First, he investigates the Kantian transcendental idealism of Kaufman, who concludes that God as He is in Himself entirely transcends any concept we have of Him. Plantinga deftly draws out the incoherence of this position: if God transcends all of our concepts of Him, He must also transcend the concept we have of God "God transcends all of our concepts of Him", and the position crumbles into dust.

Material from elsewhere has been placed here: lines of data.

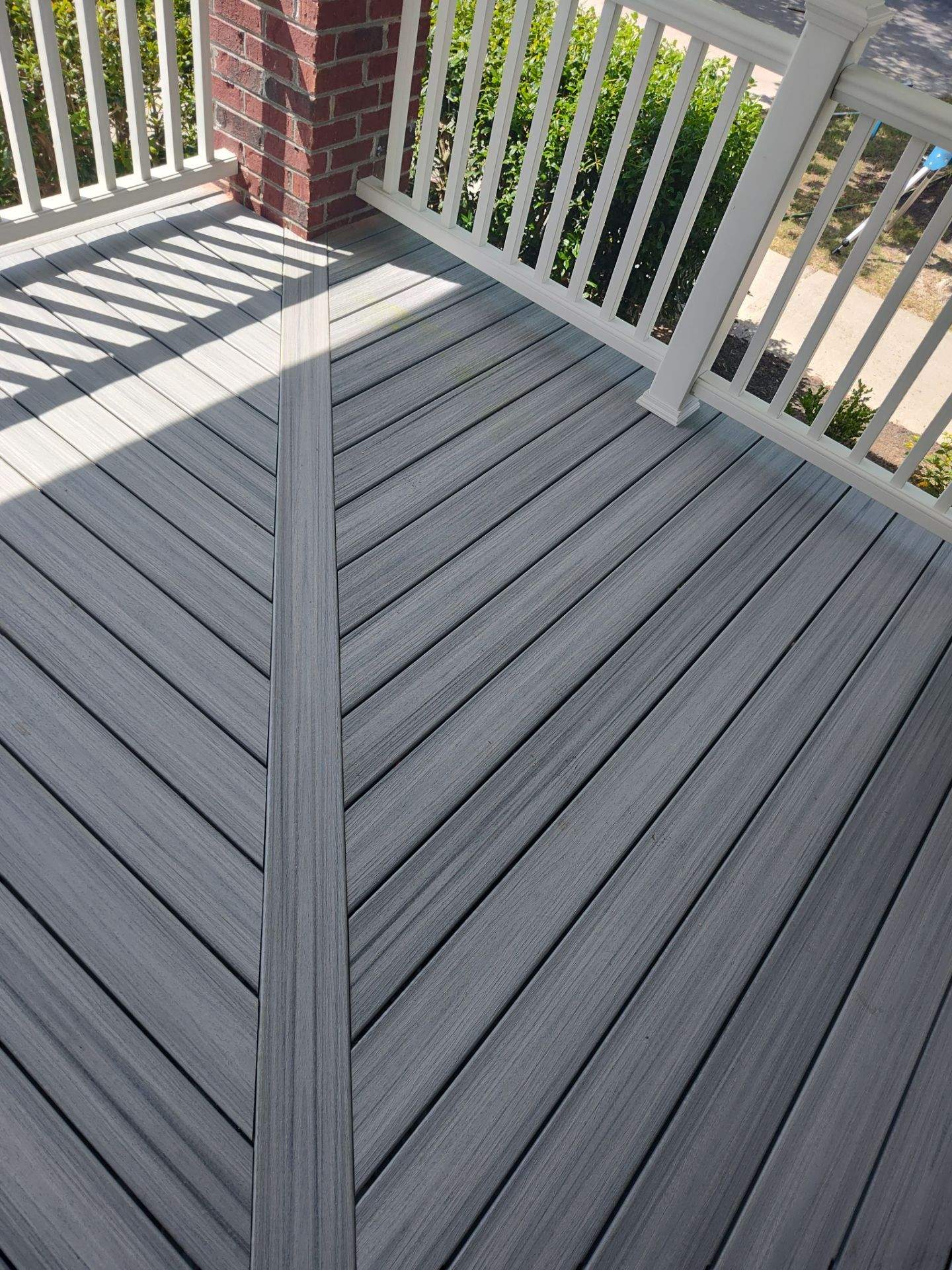 Outside porch and concreate work by Cornerstone Home Builders, LLC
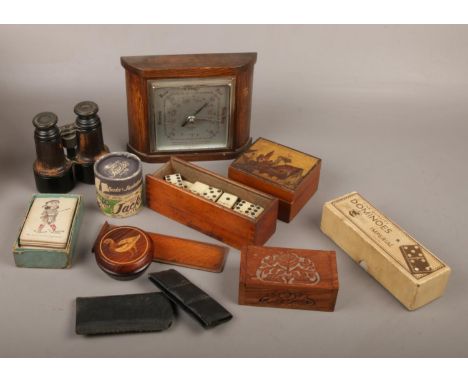 A box of collectables including oak barometer, binoculars, playing cards, dominoes, jacks in box and wooden trinket boxes etc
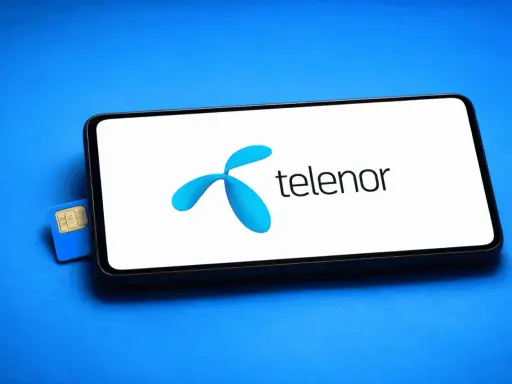 En blå Telenor simkort ligger bredvid en smartphone med Telenors logotyp på skärmen.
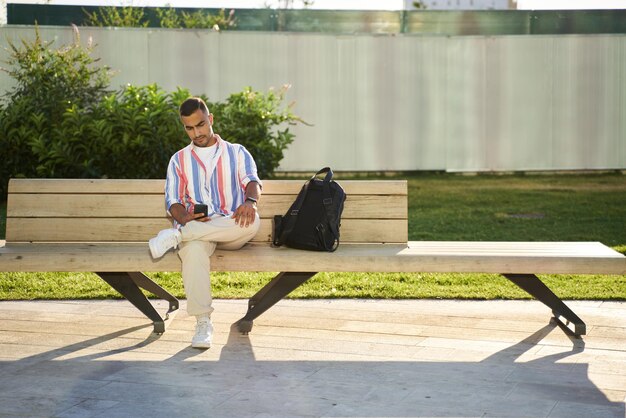Hombre guapo del medio oriente usando teléfono móvil, comunicación en línea sentado en el banco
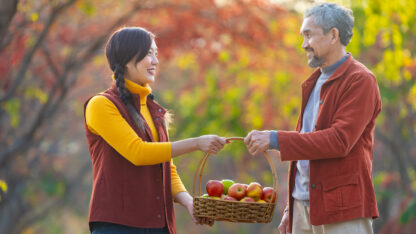 Older man and younger woman holding a basket of apples together.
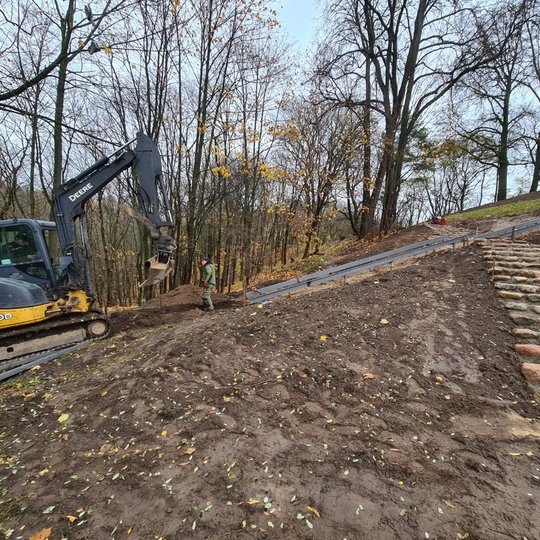 Pirmame trečdalyje nuotraukos yra juoda žemė. Įkalnė kyla į dešinę, taip įstrižai. Dešinėje randasi pradėtų mūryti laiptų konstrukcija: laiptai lipinami iš akmenų ir cemento mišinio. Akmenys nemaži, vienoje pakopoje yra 5 – 6 akmenys. Laiptų konstrukcija 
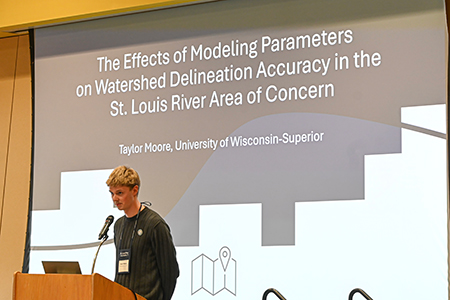 Taylor Moore presents his research at the St. Louis River Summitt.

Second, he considers the position of Aquinas that God is simple: that is, God has a nature but is identical to it, so that He is all of His properties, whence there exists no property external to Him such that He has no control over it. Plantinga is less successful here: He argues that the position leads to the conclusion that God is a property. Since a property can't be a person but is merely an abstract object, he says, it would follow that God is an abstract object. He does briefly consider the Thomist position that what is said of God, as opposed to what is said of us (e.g., goodness, wisdom, intellect, etc.), is said neither univocally nor equivocally, but analogically. After stating that this notion is a difficult one, Plantinga concludes that, rather than simply supporting the notion that "property" is applied to God and to the creation analogically, it "cuts both ways": that is, the notion can be used equally well to cast doubt on our argument for God's simplicity. It is not at all obvious, however, from the fact that the analogical predicate is not minutely spelled out, that it is susceptible to any such desired use. Thus Aquinas' notion of the Divine simplicity remains (despite a few minor difficulties) broadly coherent.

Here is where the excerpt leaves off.